Hyundai Merchant said it will swap half of the amount for its stocks, and the remaining will be paid after 2022 over a five-year period.
A cut in charter rates is one of the key preconditions set by its creditors for a creditor-led restructuring scheme.
Creditors, led by state-run Korea Development Bank, have warned that they will seek receivership for Hyundai Merchant, if the shipper fails to meet three prerequisites — a charter rate cut, debt recast approval from bondholders and an inclusion into a global shipping alliance.
Hyundai Merchant Co.’s employees walk past a company sign at its parent Hyundai Group’s headquarter building in downtown Seoul, on May 30, 2016 (Yonhap)
Last week, bondholders of Hyundai Merchant Marine approved a 804.2 billion-won debt rescheduling proposal, under which more than half of its debt will be swapped for the shipper’s stocks and the remaining debt will be paid back in two years.
The creditors also agreed to swap 680 billion won worth of debt for the shipper’s stocks, as part of an effort to keep the shipper afloat. Hyundai Merchant had debts of about 5.2 trillion won as of the end of March.
The debt-for-equity swap with the shipper’s creditors and bondholders will be completed by August.
Since February, Hyundai Merchant has been in talks with owners of its leased ships to complete the negotiations to cut the rate, as creditors claim that high freight rates would worsen the shipper’s financial health.

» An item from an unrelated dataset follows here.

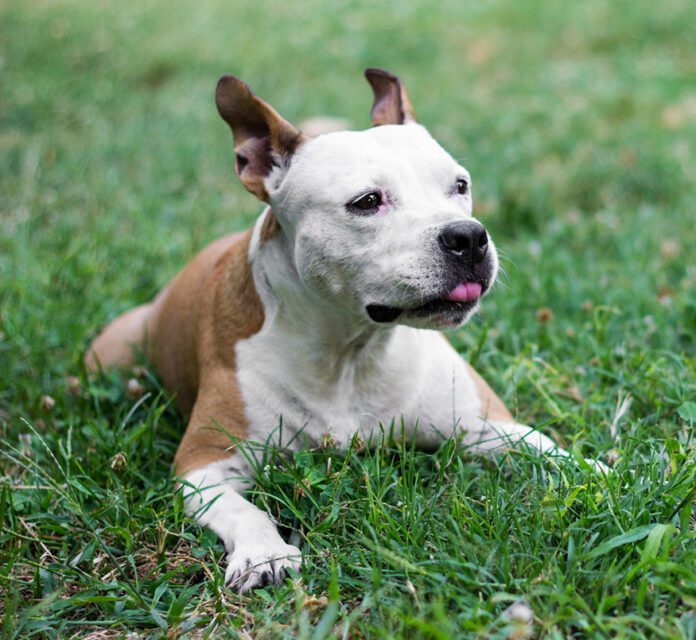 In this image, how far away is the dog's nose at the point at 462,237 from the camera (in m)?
2.76

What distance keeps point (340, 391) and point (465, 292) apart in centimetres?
64

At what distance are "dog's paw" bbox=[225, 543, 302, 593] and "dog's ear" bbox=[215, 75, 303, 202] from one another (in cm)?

Creditors have also demanded that the shipper be included in a global shipping alliance to stay competitive.
Membership in a global alliance is very important for the shipper to take on bigger rivals amid a glut in capacity, which has led to a drop in freight rates.
Major shipping lines around the globe are forming their own new alliances, which will bring seismic changes to the global shipping industry’s landscape.
Earlier, Hyundai Merchant said it currently can’t be part of The Alliance, a new grouping, but stressed that as a member of the G6 Alliance, it would be able to join The Alliance before September after its ongoing restructuring efforts are completed.
Currently, four out of the shipping alliance’s six members have reportedly delivered their intention to support Hyundai Merchant’s inclusion in the new grouping if the Korean shipper succeeds in lowering charter rates and rescheduling debts.